5“How many loaves of bread do you have?” [Jesus] asked.
Mark 8:5

It’s a simple question, and with that question, Jesus is redirecting the disciples’ attention away from the enormity of the need. He’s saying “don’t look at the need, look at me!”

It’s the story of Jesus feeding the four thousand men, along with unnumbered women and children, with only seven loaves and two fish. Jesus first brings the need to the attention of his disciples by calling them together and saying:

2“I have compassion for these people; they have already been with me three days and have nothing to eat. 3If I send them home hungry, they will collapse on the way, because some of them have come a long distance.”
Mark 8:2-3 (NIV)

Their response isn’t their finest moment:

“How are we supposed to find enough food for them here in the wilderness?”
Mark 8:5 (NLT)

I hear it as “Are you crazy? How in the world are we…?” And since I know the end of the story, it occurs to me that any time I have that reaction, there ought to be a check in my spirit…because God is setting me up for a miracle! Instead of “I can’t possibly…” or “Are you crazy? How can I…?” I want to be the person that shouts “Yeehaw! A miracle’s about to happen!” OK, not so cowboy, but you get the idea.

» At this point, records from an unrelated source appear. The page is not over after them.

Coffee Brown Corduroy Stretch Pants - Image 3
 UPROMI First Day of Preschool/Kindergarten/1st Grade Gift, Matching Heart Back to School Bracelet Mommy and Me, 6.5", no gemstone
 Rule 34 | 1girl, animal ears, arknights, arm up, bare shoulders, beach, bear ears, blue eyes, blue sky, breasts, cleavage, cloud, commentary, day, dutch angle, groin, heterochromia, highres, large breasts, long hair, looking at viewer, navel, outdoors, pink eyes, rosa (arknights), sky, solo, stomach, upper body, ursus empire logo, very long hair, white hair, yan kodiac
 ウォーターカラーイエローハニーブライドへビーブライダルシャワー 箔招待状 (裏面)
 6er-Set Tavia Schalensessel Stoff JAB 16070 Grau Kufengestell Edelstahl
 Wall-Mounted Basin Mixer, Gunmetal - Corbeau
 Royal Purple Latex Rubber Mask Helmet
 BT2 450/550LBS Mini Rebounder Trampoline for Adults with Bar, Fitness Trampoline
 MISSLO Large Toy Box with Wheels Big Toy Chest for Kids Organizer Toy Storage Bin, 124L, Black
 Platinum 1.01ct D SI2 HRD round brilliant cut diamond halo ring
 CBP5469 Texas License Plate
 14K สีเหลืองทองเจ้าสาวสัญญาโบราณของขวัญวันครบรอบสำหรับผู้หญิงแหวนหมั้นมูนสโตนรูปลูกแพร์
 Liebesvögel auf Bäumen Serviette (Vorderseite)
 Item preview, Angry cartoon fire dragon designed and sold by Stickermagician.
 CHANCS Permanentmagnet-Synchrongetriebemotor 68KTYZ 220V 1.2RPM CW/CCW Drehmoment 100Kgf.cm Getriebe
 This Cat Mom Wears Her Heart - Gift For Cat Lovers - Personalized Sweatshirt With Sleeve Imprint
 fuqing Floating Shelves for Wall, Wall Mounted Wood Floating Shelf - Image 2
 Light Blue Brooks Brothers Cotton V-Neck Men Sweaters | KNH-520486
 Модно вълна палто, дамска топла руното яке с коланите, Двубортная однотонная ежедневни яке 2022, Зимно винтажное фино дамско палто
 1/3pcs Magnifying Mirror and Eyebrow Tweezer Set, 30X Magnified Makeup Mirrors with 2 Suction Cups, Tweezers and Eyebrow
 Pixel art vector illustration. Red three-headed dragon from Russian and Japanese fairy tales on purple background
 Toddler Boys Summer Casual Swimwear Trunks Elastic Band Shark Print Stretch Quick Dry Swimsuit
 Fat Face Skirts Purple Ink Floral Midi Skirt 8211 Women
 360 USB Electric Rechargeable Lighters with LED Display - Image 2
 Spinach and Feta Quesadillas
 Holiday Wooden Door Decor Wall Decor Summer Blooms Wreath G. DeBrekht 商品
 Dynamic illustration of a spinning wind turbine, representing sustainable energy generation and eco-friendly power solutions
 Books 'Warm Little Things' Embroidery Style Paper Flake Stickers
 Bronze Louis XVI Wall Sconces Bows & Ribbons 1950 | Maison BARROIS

I’m not that person yet, but the Holy Spirit & I are working on it. We’re getting closer.

The apostles looked at the crowd and said “we can’t possibly feed these people.” Jesus didn’t look at the crowd, He looked at the resources, knowing that when the resources were fully given to God, God would multiply them to meet the need.

Picture it, 32AD: Four thousand men, in addition to the women and children, were in need of food. The apostles had seven loaves of bread and a few fish. Looks to me like recipe for a personal meltdown!

But God…He gently took the disciples by the hand (metaphorically), turned them from the crowed to look into His face, and redirected their thinking from “How are we supposed to…” to “take a deep breath and look at me. Now tell me, what do you have?” No meltdown. Instead a miracle!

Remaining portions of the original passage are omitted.